Quando la donna è uccisa per ragioni di genere
Con il termine “femminicidio” ci si riferisce agli atti di omicidio perpetrati ai danni della donna in ragione del suo genere.


Con il termine “femminicidio” ci si riferisce agli atti di omicidio perpetrati ai danni della donna in ragione del suo genere. Sebbene l’ordinamento italiano non faccia alcun riferimento a tale nozione, il termine ha avuto nel tempo una larga diffusione, a partire dalla sua introduzione da parte della criminologa femminista Diana H. Russell all’interno di un articolo del 1992 per indicare le uccisioni delle donne da parte degli uomini, che rappresentano l’epilogo di atteggiamenti o pratiche sociali misogine.

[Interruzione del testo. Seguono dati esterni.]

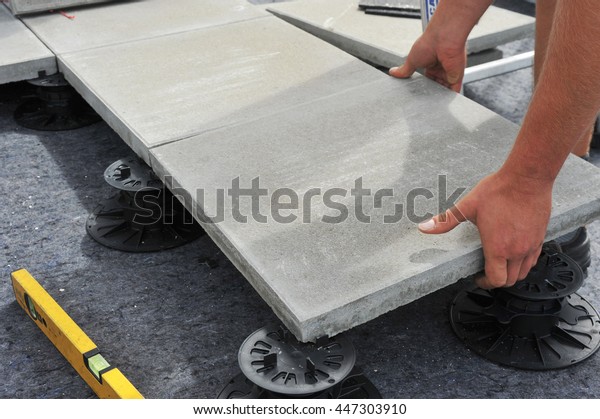 laying a patio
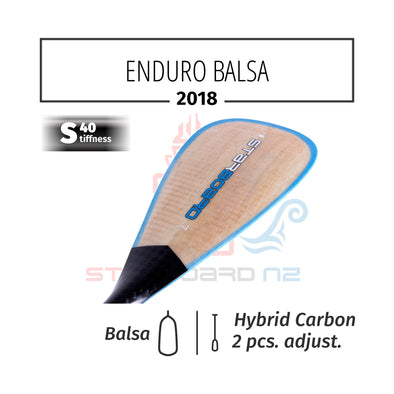 2018 STARBOARD SUP ENDURO 2.0 BALSA WITH SKINNY HYBRID CARBON 2PCS ADJUSTABLE S40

Questa tipologia di omicidi costituiscono non solo in Italia, ma in tutto il mondo, la maggior parte dei casi di omicidi che vedono la donna come vittima e la quasi totalità di quelli commessi in ambito di coppia, in cui i femminicidi avvengono per mano soprattutto del coniuge convivente o del convivente non coniugato.
La maggior parte di questi omicidi poteva essere evitata perché le storie, spesso, vedono una lunga scia di litigi che durano per anni e che coinvolgono la polizia e gli organi giudiziari: il femminicidio, infatti, si potrebbe definire come la punta dell’iceberg del fenomeno della violenza di genere, l’ultimo atto di un’escalation di abusi, violenze e sopraffazioni. I dati ci mostrano come l’omicidio di genere nella coppia è nella maggior parte dei casi preceduto da maltrattamenti pregressi, attraverso violenze fisiche e/o psicologiche, altre forme vessatorie o persecutorie. È una strada piena di segnali quella che porta alla soppressione della donna all’interno di una relazione sentimentale.

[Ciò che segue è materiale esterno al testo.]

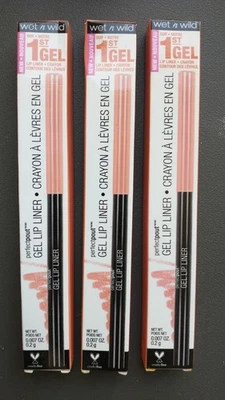 3 Wet n Wild Perfect Pout Gel Lip Liner #659D Doll In Love Again New - Image 1 of 2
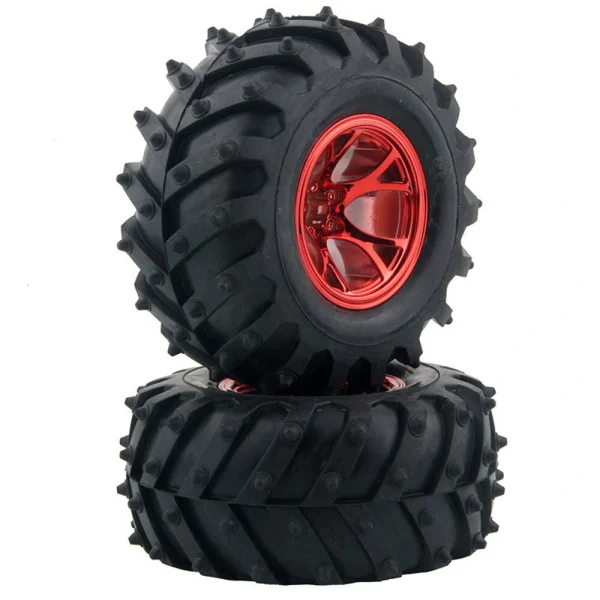 4Pcs/Per Austar Wheel Tires Plastic Wheel Rims for 1/10 RC Crawler HSP HPI Car Parts - Image 5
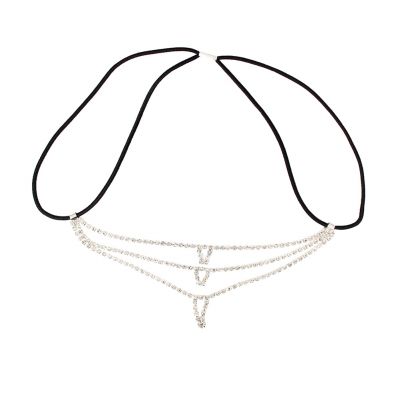 Edles Hochzeits Haarband mit Strass Modell 3 - 2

Il movente che porta all’atto fatale è principalmente lo svilupparsi di un rapporto di gelosia- possesso, dove l’altro deve morire, secondo la logica dell’assassino, pur essendo l’oggetto della passione. A volte si arriva al suicidio dell’assassino, che così conclude il percorso di sofferenza intrapreso con l’altra persona.
I rapporti nevrotici non prevedono il riconoscimento dell’altro, la crescita dei due individui all’interno della coppia, anzi, è proprio la relazione, nella sua stabilità sbilenca, che impedisce ai due partner di evolvere, terminando la propria crescita, e prevede il perdurare dei picchi emotivi propri della fase iniziale del rapporto: ossessione per l’altro, dolore all’idea del distacco (fosse anche temporaneo o relegato ad alcuni ambiti della vita).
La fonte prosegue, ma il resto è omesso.